**REQUIRED WORK**
In the listing below, find the line holding "Unrecognizable woman slicing" and the line holding "Black cutlery flanks". Write out those two lines and all lines between, exactly, and nothing more.

**DATA IN THIS EXERCISE**
----------

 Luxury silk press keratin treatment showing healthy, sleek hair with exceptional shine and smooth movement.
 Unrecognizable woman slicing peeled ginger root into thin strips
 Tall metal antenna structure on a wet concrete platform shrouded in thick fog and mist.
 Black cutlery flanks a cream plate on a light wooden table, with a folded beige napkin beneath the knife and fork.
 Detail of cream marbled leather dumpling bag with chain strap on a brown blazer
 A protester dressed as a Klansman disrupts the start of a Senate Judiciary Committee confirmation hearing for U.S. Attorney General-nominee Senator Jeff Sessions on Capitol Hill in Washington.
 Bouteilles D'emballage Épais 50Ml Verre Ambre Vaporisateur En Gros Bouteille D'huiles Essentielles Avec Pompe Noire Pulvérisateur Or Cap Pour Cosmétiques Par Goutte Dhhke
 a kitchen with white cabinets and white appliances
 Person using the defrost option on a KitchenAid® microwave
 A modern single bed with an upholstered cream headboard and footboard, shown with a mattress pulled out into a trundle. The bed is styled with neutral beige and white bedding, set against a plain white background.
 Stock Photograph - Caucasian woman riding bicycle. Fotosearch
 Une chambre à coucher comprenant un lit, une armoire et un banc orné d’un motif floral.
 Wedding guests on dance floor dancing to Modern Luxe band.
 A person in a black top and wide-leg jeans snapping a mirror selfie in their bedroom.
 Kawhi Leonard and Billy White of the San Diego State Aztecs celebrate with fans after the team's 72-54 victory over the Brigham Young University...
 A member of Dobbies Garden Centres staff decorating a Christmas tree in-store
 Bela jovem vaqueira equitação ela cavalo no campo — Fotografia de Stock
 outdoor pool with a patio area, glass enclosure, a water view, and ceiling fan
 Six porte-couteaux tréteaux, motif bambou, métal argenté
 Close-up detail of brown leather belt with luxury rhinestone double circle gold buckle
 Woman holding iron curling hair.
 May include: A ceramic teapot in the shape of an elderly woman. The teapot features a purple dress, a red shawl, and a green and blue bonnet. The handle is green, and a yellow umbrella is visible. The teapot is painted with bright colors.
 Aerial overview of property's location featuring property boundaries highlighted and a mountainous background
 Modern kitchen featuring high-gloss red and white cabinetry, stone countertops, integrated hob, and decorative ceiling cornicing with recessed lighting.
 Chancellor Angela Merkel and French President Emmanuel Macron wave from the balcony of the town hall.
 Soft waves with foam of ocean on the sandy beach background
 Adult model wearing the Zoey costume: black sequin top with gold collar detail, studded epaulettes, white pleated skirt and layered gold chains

----------

**WRITTEN REPLY**
 Unrecognizable woman slicing peeled ginger root into thin strips
 Tall metal antenna structure on a wet concrete platform shrouded in thick fog and mist.
 Black cutlery flanks a cream plate on a light wooden table, with a folded beige napkin beneath the knife and fork.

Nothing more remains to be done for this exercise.